Case study 2: Chest tube placement for spontaneous pneumothorax in patient with COPD
Jilani goes into detail about how using SKATER can yield advantages for patients and their outcomes—“I am a firm believer that the faster you can drain an abscess, the less risk there is of recurrence.” Chronic abscesses can last for months, which, in turn, requires long-term drainage. However, with SKATER’s “large skived holes and fast flow rates”, catheter drainage is more efficient. “For the majority of patients with abscesses, we place these [SKATER] catheters and within a week, we can remove it, sometimes even faster,” Jilani relays.

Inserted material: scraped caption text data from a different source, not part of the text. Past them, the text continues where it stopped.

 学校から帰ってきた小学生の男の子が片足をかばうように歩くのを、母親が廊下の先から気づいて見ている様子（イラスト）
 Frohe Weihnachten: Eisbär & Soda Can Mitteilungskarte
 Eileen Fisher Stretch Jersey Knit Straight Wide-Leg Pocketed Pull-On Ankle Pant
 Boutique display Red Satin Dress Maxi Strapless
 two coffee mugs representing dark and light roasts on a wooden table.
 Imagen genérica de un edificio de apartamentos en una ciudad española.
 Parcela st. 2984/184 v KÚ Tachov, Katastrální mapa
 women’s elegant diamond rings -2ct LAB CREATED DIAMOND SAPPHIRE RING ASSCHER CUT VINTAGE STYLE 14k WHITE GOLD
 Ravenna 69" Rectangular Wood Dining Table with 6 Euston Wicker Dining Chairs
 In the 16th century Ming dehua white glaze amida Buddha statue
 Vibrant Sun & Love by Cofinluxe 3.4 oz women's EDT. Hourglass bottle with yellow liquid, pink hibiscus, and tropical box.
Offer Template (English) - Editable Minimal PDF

Inadequate flow rate, such as seen in other types of catheters that kink more readily, means drainage takes longer, Jilani reiterates. “We follow our patients closely,” he asserts, meaning that he can say with some confidence that he has noticed “far fewer instances of kinking” compared to earlier in his career when he used other drainage catheters. Longer drainage time can lead to occlusion from bacteria and fibrin build-up and more catheter exchanges, prolonging the overall time the patient has a catheter in. Even without complications, Jilani explains that having a drainage catheter in for a long time is “very inconvenient” for patients—“they are attached to a bag […] which can make day-to-day activities hard.”
Case study 3: Percutaneous drainage of infected bladder/acute cholecystitis
The improved patient outcomes—faster drainage and therefore fewer complications related to chronic abscesses and catheterisation—that SKATER facilitates, reduce healthcare costs, Jilani is also keen to acknowledge.
To round off the discussion, Jilani summarises what it is about SKATER that makes it his “go-to” drainage catheter. “The subtle differences make an impact,” he states, referring back to SKATER’s high level of performance in the bench test: for kink resistance, flow rate and ‘pushability’. The evidence the test produced supports Jilani’s own clinical experience that “[the SKATER catheter] works well and is associated with better patient outcomes”, meaning he can continue to use it with confidence.
References: 1. Data on File. Bench Testing Comparative Data Relative to Drainage Catheter Performance: An analysis of pigtail drainage catheter systems.